● Work item
Output all entries exactly; images excluded.

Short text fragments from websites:

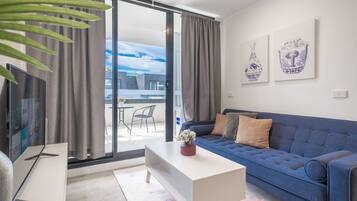 Televisión y oficina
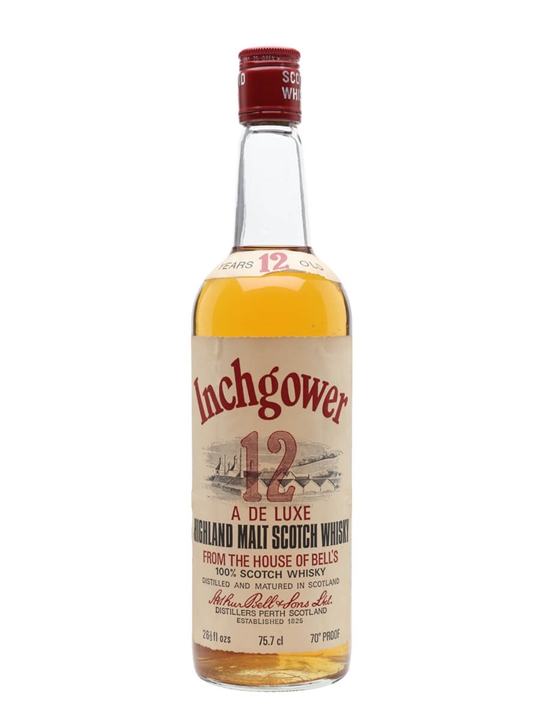Inchgower 12 Year Old / Bot.1970s Speyside Single Malt Scotch Whisky - Single Malt Review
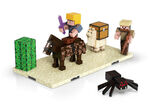 Set de construcție Magnet World Set deșert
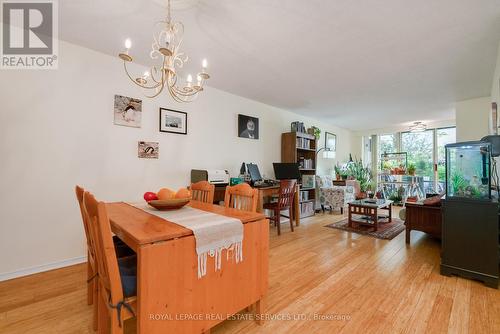 103 - 225 Davenport Road, Toronto (Annex), ON - Indoor Photo Showing Dining Room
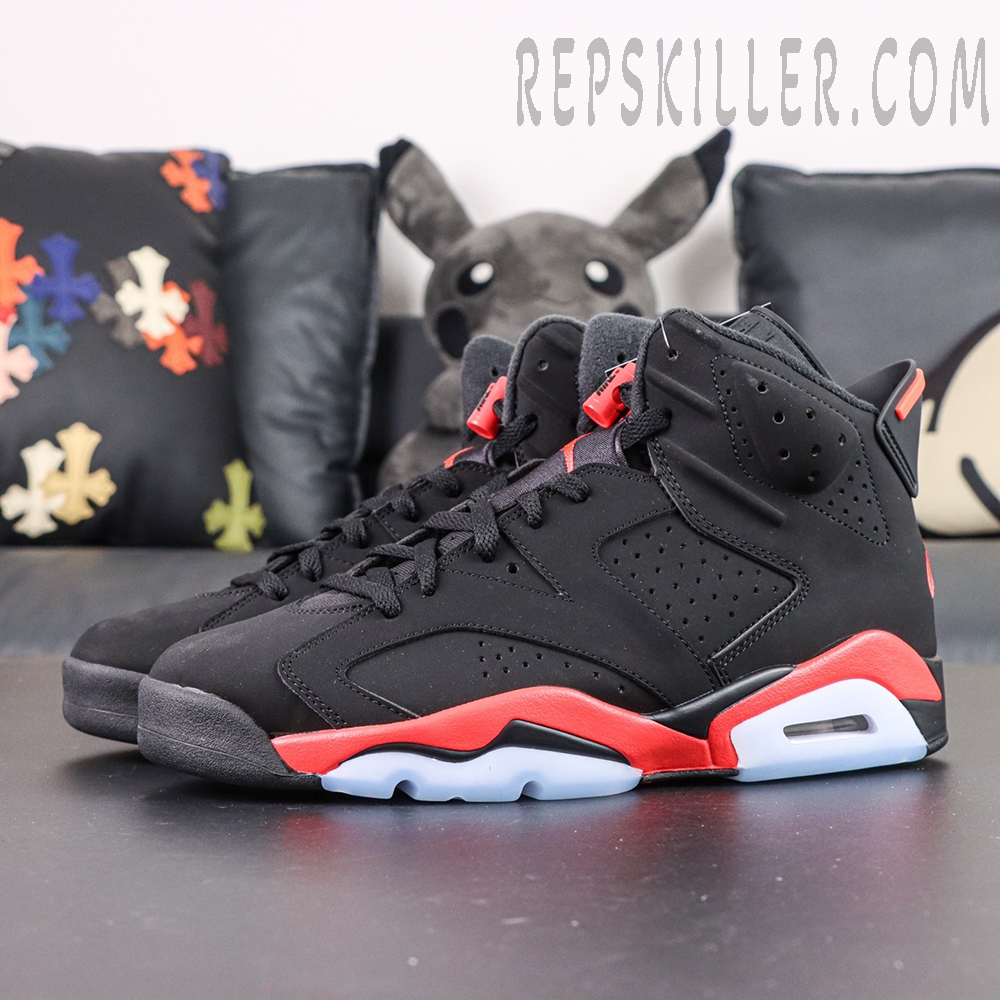 Jordan 6 Retro 'Infrared' 2019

● Result of the task
 Televisión y oficina
Inchgower 12 Year Old / Bot.1970s Speyside Single Malt Scotch Whisky - Single Malt Review
 Set de construcție Magnet World Set deșert
 103 - 225 Davenport Road, Toronto (Annex), ON - Indoor Photo Showing Dining Room
 Jordan 6 Retro 'Infrared' 2019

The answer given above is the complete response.